▶ **Data extract**
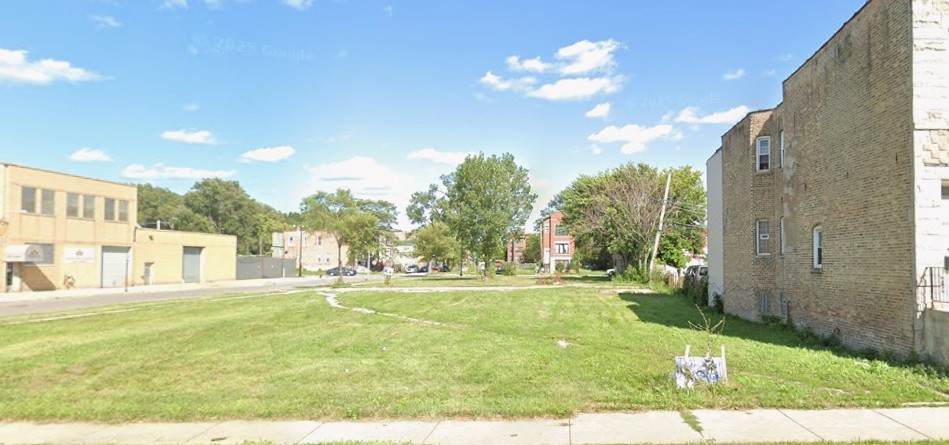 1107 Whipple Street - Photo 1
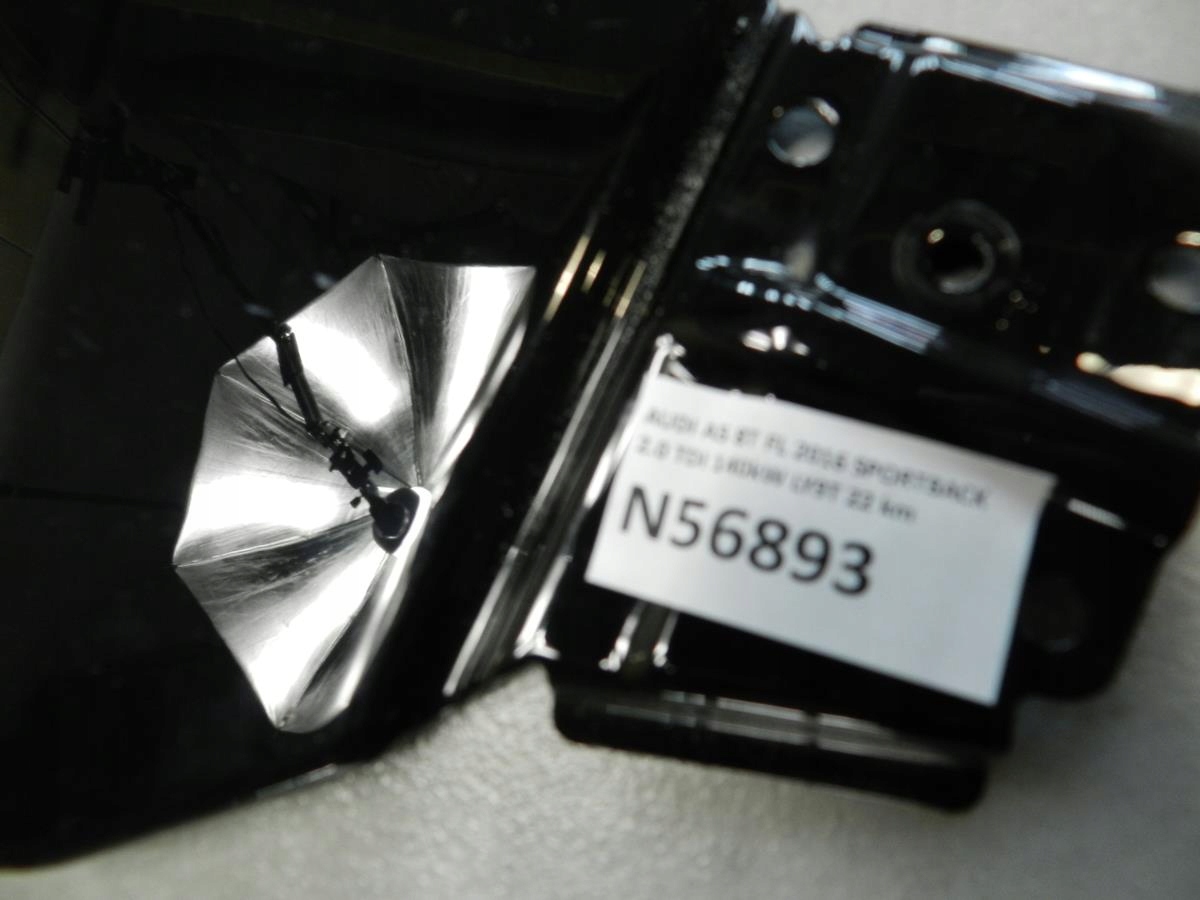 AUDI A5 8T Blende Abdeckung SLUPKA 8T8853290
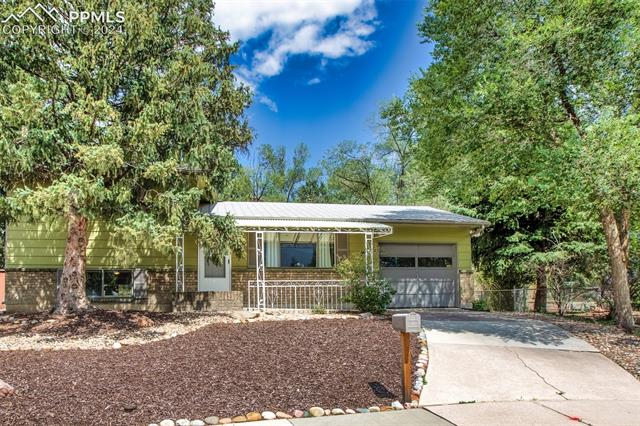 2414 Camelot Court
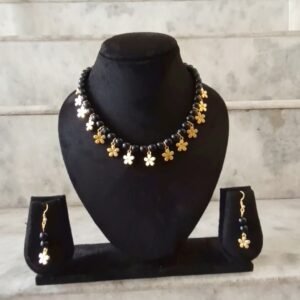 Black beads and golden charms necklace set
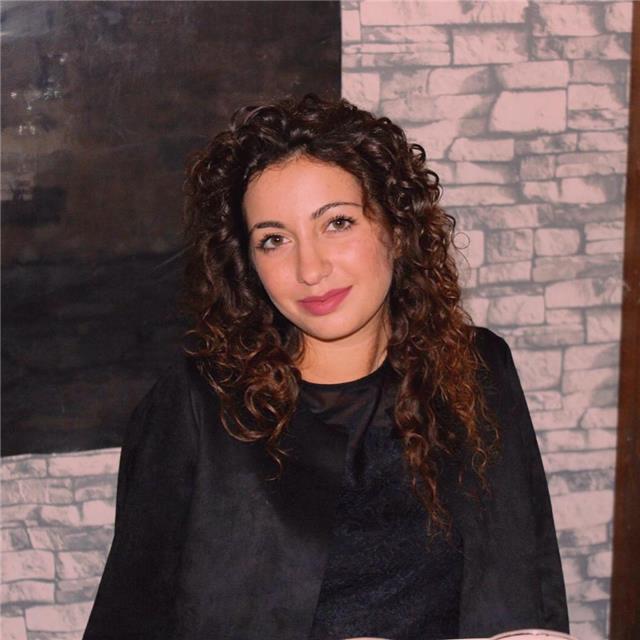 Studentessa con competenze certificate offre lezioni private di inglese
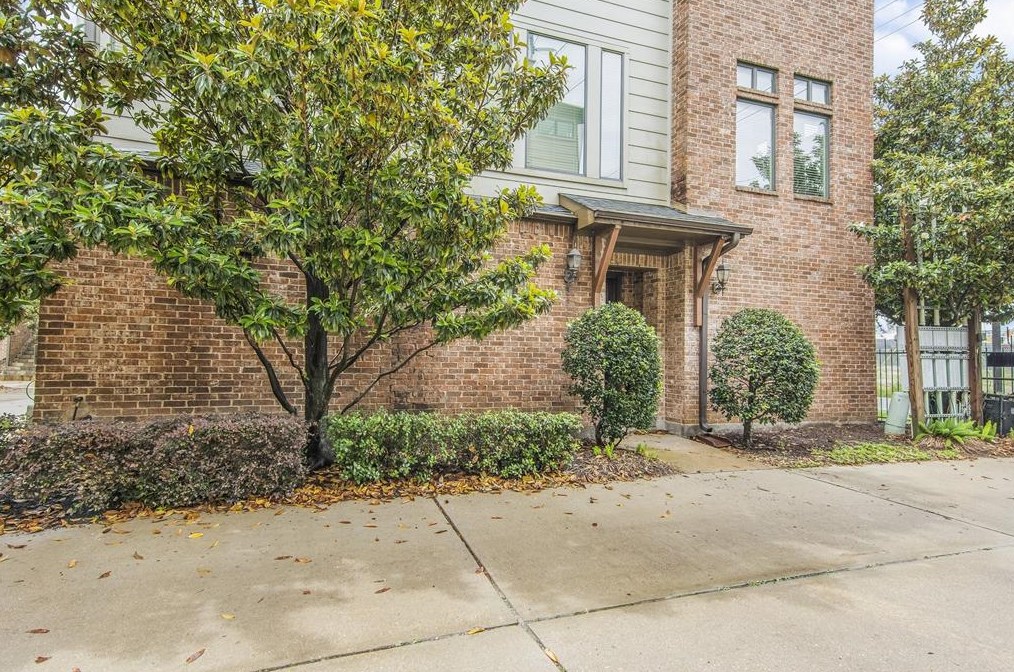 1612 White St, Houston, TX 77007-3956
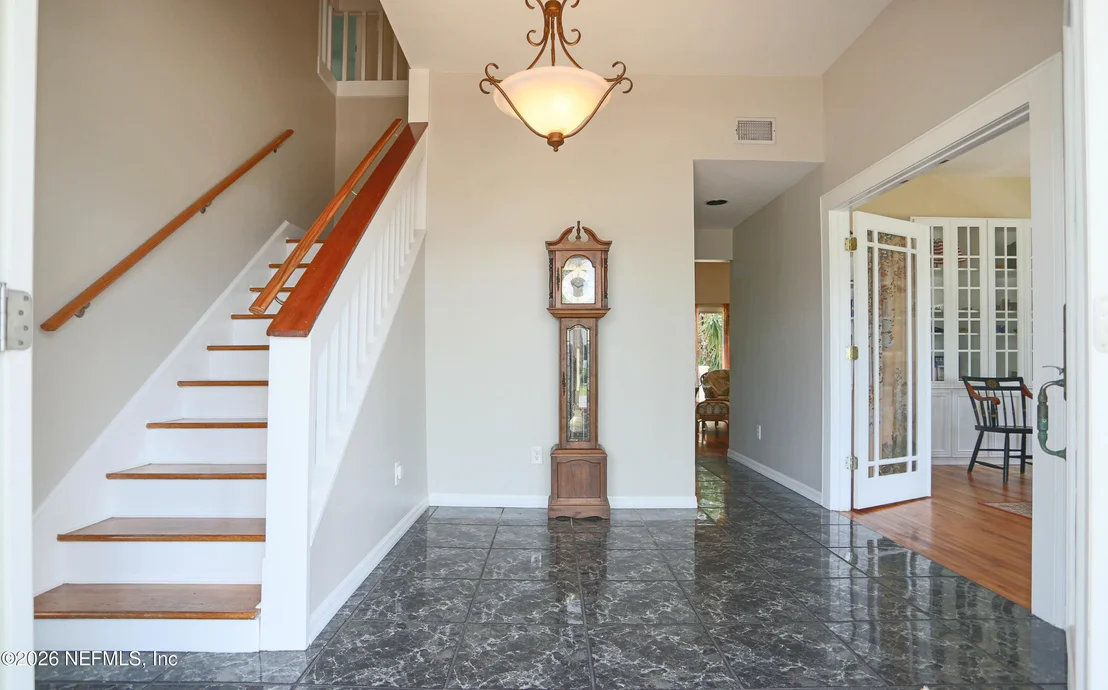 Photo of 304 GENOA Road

--

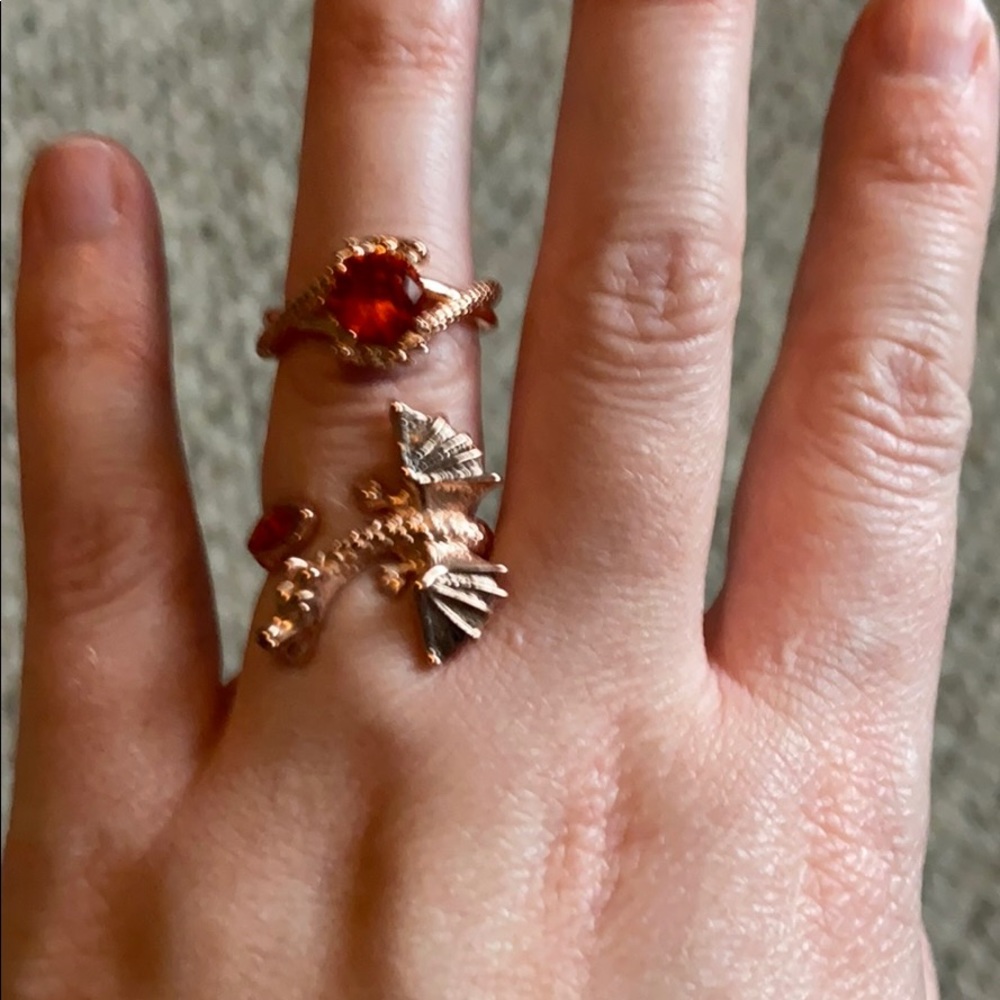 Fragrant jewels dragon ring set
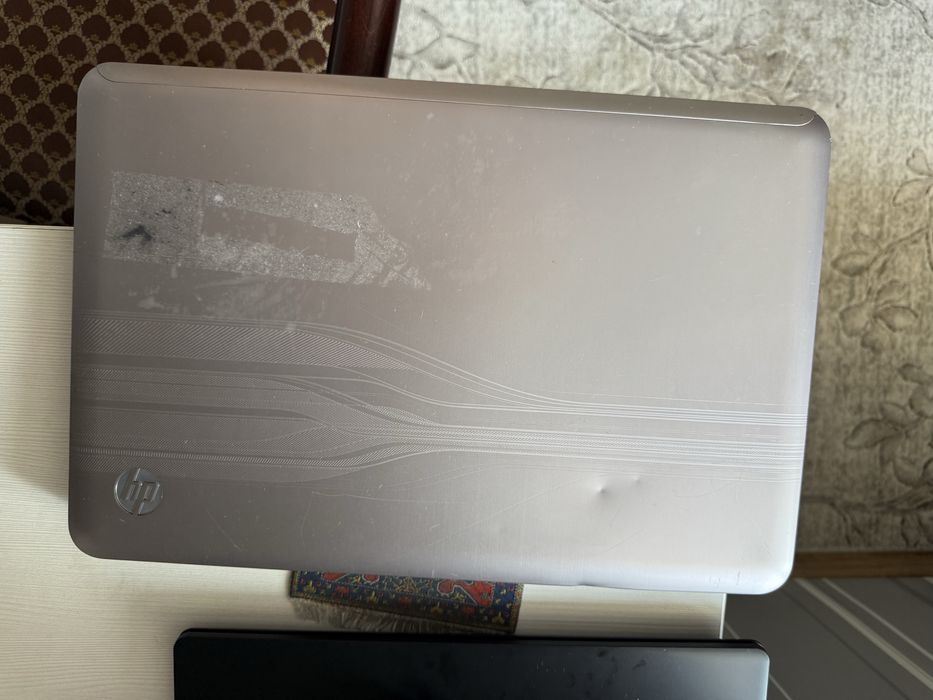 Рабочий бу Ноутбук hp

▶ **Directions**
Starting at the line containing "1107 Whipple Street - Photo 1" and stopping at the line containing "Photo of 304 GENOA Road", output each line exactly as it appears above. Leave out the pictures.

▶ **Answer space**
 1107 Whipple Street - Photo 1
 AUDI A5 8T Blende Abdeckung SLUPKA 8T8853290
 2414 Camelot Court
 Black beads and golden charms necklace set
 Studentessa con competenze certificate offre lezioni private di inglese
 1612 White St, Houston, TX 77007-3956
 Photo of 304 GENOA Road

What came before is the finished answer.